**Work instruction:** Go through the entries below and print, exactly, the lines starting at the one with "AFYONKARAHİSAR’DA SİSLİ HAVA ETKİLİ OLDU" and ending at the one with "2023 Tesla Model Y Long Range", keeping both ends and no others.

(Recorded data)
== Segment start ==

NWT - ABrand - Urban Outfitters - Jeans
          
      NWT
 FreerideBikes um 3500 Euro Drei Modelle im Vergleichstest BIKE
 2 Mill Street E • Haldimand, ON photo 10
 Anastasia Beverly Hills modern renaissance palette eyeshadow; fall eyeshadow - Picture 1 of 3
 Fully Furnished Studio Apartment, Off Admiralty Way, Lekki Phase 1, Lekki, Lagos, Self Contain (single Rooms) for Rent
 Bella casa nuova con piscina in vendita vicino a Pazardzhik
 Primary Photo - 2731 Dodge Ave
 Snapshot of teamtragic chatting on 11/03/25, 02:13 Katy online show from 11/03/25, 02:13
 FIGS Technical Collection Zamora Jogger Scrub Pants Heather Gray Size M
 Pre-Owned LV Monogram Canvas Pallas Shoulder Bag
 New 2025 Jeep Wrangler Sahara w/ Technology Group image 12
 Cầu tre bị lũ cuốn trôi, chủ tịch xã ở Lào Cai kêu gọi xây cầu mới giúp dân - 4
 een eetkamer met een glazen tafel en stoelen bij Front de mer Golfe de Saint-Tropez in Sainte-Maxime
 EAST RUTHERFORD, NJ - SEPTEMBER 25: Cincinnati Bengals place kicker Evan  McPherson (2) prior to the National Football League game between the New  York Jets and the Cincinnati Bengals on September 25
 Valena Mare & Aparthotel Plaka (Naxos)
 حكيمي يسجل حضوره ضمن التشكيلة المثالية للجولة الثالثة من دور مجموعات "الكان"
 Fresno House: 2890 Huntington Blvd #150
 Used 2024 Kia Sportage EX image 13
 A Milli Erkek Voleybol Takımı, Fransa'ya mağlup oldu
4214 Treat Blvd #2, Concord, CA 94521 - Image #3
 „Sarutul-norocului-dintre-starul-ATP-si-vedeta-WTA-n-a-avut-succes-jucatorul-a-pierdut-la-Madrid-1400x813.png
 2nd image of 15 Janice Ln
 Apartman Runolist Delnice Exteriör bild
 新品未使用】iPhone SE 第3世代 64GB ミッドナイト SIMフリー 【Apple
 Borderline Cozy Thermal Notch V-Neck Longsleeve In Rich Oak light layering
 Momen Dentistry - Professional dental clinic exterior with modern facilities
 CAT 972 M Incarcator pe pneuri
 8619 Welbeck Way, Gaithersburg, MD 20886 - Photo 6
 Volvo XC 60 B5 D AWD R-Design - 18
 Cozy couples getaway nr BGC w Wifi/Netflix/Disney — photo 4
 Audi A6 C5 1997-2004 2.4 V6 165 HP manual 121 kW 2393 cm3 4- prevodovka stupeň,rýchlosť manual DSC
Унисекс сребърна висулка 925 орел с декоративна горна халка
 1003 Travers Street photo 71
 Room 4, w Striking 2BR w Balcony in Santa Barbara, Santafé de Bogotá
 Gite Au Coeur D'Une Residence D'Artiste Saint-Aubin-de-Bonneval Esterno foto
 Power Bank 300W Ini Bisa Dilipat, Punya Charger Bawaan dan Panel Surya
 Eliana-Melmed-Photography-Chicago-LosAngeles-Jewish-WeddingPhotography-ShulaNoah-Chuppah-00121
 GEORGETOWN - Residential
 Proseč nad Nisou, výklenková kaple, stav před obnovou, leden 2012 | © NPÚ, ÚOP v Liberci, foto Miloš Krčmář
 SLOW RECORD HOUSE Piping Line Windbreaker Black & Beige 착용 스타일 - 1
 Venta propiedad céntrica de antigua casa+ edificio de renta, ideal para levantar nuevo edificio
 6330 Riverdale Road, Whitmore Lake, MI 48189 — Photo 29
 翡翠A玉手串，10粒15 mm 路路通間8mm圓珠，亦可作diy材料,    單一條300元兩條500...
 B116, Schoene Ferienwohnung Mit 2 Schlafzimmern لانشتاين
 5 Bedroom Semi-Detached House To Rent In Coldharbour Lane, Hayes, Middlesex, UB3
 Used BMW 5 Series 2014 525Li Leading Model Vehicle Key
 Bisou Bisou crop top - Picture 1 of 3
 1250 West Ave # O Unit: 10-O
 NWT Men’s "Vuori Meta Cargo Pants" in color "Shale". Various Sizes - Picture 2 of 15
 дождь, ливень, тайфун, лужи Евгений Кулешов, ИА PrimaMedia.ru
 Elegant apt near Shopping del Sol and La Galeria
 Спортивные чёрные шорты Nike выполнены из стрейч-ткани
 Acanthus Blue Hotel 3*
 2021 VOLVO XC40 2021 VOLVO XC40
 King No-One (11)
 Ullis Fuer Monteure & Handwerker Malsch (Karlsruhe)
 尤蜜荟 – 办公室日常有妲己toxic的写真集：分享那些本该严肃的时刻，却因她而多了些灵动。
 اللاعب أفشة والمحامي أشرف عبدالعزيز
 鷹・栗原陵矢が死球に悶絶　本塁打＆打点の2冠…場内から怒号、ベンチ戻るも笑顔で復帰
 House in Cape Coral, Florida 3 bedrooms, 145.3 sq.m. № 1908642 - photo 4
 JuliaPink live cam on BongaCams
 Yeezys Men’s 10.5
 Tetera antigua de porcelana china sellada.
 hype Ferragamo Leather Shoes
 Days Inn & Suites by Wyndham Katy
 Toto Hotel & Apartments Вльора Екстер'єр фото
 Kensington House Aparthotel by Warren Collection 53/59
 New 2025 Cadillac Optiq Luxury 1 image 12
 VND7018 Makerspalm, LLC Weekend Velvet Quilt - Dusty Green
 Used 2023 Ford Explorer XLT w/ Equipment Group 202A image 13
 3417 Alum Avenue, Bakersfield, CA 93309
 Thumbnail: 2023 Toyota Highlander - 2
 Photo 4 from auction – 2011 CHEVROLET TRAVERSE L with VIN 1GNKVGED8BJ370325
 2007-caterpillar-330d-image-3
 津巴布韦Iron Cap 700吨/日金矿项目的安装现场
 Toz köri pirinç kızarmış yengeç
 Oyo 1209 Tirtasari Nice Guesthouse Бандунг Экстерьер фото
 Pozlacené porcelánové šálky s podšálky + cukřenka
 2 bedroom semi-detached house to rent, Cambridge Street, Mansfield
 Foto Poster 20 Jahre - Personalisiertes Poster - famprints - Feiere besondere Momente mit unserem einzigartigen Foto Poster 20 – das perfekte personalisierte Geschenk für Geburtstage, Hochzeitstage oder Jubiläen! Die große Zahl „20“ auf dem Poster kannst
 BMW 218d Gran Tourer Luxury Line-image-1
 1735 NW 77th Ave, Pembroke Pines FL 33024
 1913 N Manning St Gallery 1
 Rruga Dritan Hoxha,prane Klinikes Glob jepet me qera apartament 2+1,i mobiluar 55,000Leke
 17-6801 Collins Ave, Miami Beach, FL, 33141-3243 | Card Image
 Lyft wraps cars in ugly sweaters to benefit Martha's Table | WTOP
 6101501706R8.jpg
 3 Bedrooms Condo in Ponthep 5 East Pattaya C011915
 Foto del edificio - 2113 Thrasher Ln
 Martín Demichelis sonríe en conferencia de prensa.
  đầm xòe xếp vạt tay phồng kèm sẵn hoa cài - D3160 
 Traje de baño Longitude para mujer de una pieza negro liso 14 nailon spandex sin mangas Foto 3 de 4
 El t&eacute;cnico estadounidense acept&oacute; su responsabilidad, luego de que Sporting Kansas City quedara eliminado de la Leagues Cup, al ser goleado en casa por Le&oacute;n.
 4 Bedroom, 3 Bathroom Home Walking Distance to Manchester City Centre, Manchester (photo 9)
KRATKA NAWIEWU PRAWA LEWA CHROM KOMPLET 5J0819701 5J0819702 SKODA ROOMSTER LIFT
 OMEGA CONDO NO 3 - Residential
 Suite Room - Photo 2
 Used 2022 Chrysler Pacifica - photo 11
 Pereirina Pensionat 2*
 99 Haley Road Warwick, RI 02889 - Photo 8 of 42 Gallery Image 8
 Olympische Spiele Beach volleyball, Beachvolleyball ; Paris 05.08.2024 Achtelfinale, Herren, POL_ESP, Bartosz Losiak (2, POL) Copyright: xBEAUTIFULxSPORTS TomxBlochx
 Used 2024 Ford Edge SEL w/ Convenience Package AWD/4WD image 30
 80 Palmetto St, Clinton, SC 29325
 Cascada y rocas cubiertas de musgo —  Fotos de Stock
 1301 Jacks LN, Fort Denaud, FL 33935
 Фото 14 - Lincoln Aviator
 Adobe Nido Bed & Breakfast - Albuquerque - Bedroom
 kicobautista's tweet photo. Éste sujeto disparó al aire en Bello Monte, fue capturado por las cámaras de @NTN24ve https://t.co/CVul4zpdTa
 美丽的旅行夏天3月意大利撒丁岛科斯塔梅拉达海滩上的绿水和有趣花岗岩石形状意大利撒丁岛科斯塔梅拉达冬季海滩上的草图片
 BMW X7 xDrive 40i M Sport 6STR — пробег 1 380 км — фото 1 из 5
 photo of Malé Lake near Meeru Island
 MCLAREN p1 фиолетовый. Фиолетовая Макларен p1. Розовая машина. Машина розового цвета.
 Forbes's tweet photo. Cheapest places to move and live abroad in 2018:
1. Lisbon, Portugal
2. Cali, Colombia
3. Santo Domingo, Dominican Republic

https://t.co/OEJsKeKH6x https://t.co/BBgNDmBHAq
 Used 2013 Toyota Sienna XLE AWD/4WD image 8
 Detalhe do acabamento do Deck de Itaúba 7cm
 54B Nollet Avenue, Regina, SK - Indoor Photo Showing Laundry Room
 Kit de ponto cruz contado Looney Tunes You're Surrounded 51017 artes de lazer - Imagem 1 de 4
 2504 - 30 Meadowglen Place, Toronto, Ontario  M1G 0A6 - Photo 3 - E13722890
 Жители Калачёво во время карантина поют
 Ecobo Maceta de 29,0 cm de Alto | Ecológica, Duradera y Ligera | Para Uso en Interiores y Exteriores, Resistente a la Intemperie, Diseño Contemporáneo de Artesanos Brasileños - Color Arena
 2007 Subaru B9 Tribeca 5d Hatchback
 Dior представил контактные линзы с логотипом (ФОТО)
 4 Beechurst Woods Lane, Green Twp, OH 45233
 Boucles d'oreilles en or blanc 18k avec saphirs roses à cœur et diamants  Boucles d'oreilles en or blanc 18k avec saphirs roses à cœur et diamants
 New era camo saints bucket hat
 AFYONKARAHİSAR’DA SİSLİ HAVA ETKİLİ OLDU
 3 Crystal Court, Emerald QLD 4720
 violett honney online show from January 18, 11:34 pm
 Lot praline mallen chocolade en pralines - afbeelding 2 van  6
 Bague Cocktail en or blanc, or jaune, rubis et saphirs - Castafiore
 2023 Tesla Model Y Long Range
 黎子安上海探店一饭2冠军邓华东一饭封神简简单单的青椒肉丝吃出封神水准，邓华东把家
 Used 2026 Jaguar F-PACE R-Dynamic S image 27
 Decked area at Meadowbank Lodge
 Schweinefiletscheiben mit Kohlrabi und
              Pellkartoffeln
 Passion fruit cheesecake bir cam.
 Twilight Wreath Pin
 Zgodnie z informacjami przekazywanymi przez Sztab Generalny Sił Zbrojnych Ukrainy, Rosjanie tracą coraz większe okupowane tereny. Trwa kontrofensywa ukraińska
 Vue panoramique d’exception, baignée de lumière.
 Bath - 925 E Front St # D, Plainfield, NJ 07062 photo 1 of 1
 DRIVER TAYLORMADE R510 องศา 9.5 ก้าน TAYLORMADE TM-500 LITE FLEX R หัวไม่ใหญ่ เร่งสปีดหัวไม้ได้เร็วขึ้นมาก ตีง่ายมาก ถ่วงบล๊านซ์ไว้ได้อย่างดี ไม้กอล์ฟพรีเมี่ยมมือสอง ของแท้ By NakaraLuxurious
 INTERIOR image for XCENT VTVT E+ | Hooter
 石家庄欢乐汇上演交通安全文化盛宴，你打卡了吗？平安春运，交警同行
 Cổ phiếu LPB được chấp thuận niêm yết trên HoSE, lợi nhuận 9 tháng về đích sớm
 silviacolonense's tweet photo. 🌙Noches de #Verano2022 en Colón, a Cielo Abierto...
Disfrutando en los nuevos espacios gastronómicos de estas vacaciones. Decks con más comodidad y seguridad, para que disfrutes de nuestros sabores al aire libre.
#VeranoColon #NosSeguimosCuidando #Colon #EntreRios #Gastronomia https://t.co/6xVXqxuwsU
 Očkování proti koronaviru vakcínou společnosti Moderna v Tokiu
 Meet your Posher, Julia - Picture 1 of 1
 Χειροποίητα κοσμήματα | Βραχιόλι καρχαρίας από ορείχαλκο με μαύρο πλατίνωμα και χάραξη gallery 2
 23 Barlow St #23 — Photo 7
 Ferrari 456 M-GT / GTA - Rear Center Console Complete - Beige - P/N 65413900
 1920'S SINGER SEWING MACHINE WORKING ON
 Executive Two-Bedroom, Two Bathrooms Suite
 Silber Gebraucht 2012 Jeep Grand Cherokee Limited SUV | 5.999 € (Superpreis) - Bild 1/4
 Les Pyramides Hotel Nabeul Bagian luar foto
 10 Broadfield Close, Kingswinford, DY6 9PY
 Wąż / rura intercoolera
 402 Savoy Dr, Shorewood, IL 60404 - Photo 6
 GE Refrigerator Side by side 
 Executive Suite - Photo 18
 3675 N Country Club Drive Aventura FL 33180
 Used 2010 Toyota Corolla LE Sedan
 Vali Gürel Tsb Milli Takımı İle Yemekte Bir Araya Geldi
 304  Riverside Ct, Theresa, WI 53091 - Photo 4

== Segment end ==

**Response:**
 AFYONKARAHİSAR’DA SİSLİ HAVA ETKİLİ OLDU
 3 Crystal Court, Emerald QLD 4720
 violett honney online show from January 18, 11:34 pm
 Lot praline mallen chocolade en pralines - afbeelding 2 van  6
 Bague Cocktail en or blanc, or jaune, rubis et saphirs - Castafiore
 2023 Tesla Model Y Long Range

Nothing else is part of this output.